On ne soulignera jamais assez le rôle déterminant que joua Maurice Nadeau dans la découverte d’écrivains français, de Perec à Houellebecq, mais surtout de tous ces auteurs étrangers qu’il contribua largement à faire connaître en France : Henry Miller, Malcolm Lowry, Witold Gombrowicz… C’est donc une excellente initiative que les éditions Maurice Nadeau ont prise récemment en décidant de republier dans une collection de poche certains livres de leur fonds prestigieux qu’il serait bien dommage de maintenir confinés dans l’oubli, tel Au pipirite chantant, de Jean Métellus.
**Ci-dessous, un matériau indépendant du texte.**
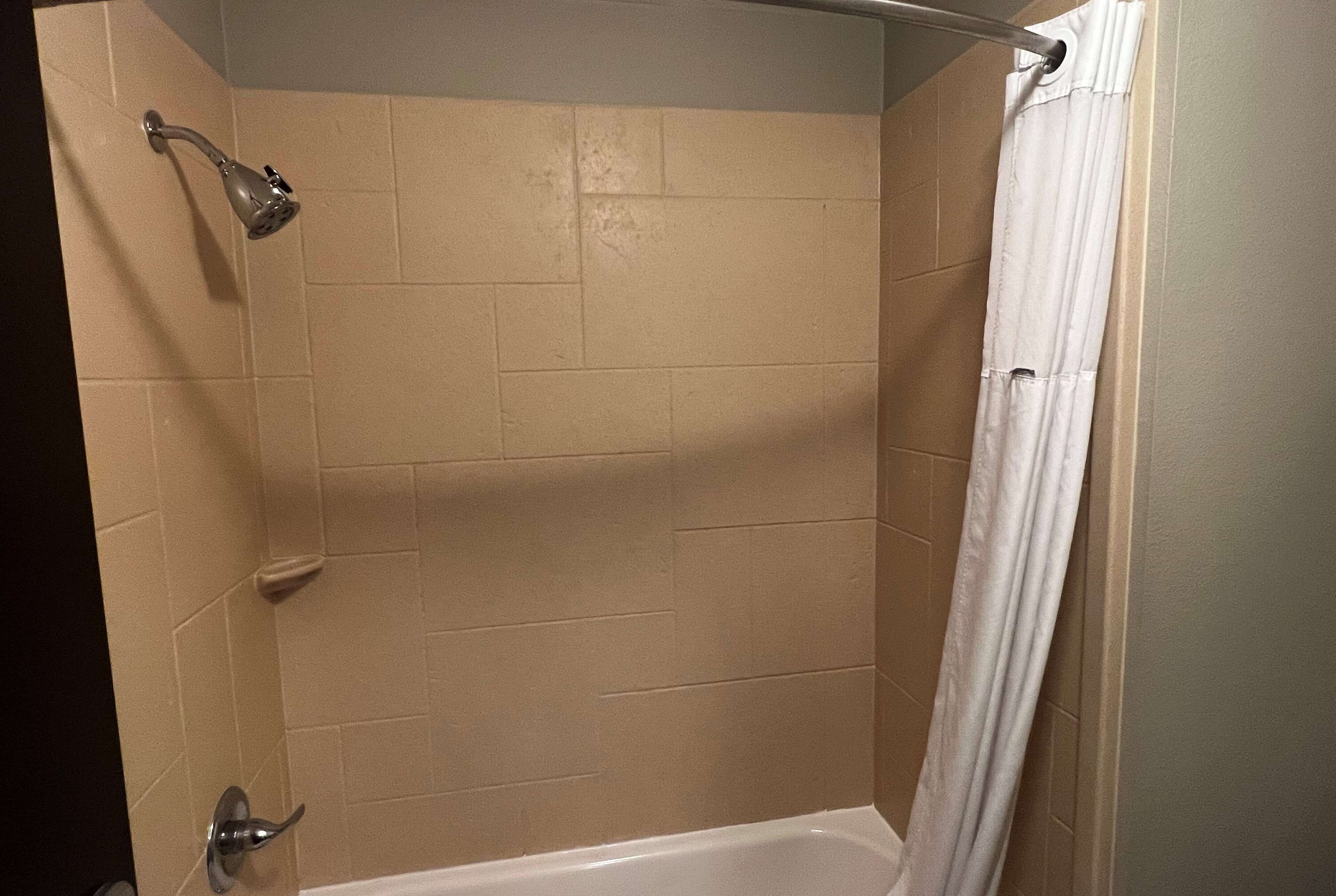 combined shower/bathtub, free toiletries, hair dryer, towels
Jean Métellus, Au pipirite chantant. Maurice Nadeau, coll. « Poche », 190 p., 9,90 €
Il serait tentant de rattacher cet écrivain d’origine haïtienne au mouvement de la « négritude » créé à Paris par Léopold Sédar Senghor, Léon-Gontran Damas et Aimé Césaire. Pourtant, s’il a pu utiliser le terme, Jean Métellus (1937-2014) s’en est tenu à une relative distance, de même qu’il s’est tenu à l’écart de la « créolité » de Patrick Chamoiseau et Raphaël Confiant. Malgré une proximité évidente dans la défense de « l’homme noir », le côté idéologique ou du moins trop formalisé devait certainement le gêner. Et puis il a toujours pensé, sans en nier la fragilité – notamment les occupations américaines successives –, que la situation de Haïti était différente de celle des pays africains et antillais, du fait de l’indépendance acquise de haute lutte en 1804, après une longue révolte d’esclaves menée par Toussaint Louverture et Jean-Jacques Dessalines.
S’il a dû fuir Haïti pour la France sous la dictature de Duvalier, l’île ne l’a pas pour autant quitté, constamment présente dans sa mémoire et dans les livres qu’il a écrits, alors qu’il devenait un neurologue renommé, spécialisé dans les troubles du langage. Au pipirite chantant est un ensemble de poèmes tout vibrant de sa terre natale dont il exalte la beauté sans rien cacher de la misère de ses habitants. Nous sommes en présence d’une œuvre lyrique qui, s’appuyant souvent sur l’anaphore, joue très librement sur plusieurs registres où l’auteur peut exprimer, dans le vif de la langue, toute la gamme de ses émotions, « tous les moments du verbe ». Le ton peut être élégiaque : « Tristesse, grisaille de mon enfance / Acier de mon destin / Toi ma face rapiécée / Ma passion décharnée / Ma peau glacée, brisée / Aiguillon et tourment de ma vie / Mon cachot ma geôle / Où trouver le calme vent frais de mes pensées ? » Ce peut être aussi un hymne à la nature, à ces enfants et paysans condamnés à la misère, à ce pipirite qui chante très tôt le matin, au soleil ou encore à la célébration des dieux du Vaudou, les plus anciens, ceux venus d’Afrique, les seuls capables de venir en aide aux Haïtiens, tel Agoué qui règne sur la mer ou encore Ogoun :
« Je suis, dit Ogoun,
Le mont de la boue, de la perdition, de la curiosité
Je n’étais pas seulement le dieu de la terre d’Haïti
J’étais le dieu des océans
J’étais la magie,
Ma bouche était votre fontaine, votre univers
La guerre n’était pas un tournoi
Elle tournoyait autour de chaque case
Quand vous veniez me voir
Vous étiez ivres comme des moutons frappés de tournis
Ce que maintenant vous racontez comme une légende
C’était la griffe de votre Dieu… »
Quand Métellus évoque dans certains passages l’histoire d’Haïti, le poème prend des allures d’épopée, relatant les vicissitudes de tout un peuple, ou de complainte, accusant le colonialisme qui a fait le malheur de cette « terre des hautes montagnes » : « Grand Nègre à dents de lumière / Montre ta langue de cachiman / Découvre tes gencives de caïmitier en fleurs / Ouvre bien grande ta gueule / Et laisse voir au monde les cicatrices laissées par l’hameçon du catholicisme, de la civilisation et de la culture grecque… »
C’est toute la terre d’Haïti, avec son destin tragique, son espoir, son désespoir, sa révolte, qui s’incarne dans l’écriture de cet exilé, trouvant dans la langue française, dont il utilise toutes les ressources, une seconde vie. Comme cette langue est une langue de Blancs – la langue des anciens colons –, Jean Métellus la retourne et en fait, avec talent, un instrument de la défense des Noirs. Chez lui, les mots ont une puissance incantatoire et constituent une sorte d’exorcisme. Entrons dans la magie et laissons-nous emporter par « ce chant somptueux et triste / ce chant fier et scandaleux / le chant de ma tristesse et de mes malheurs ».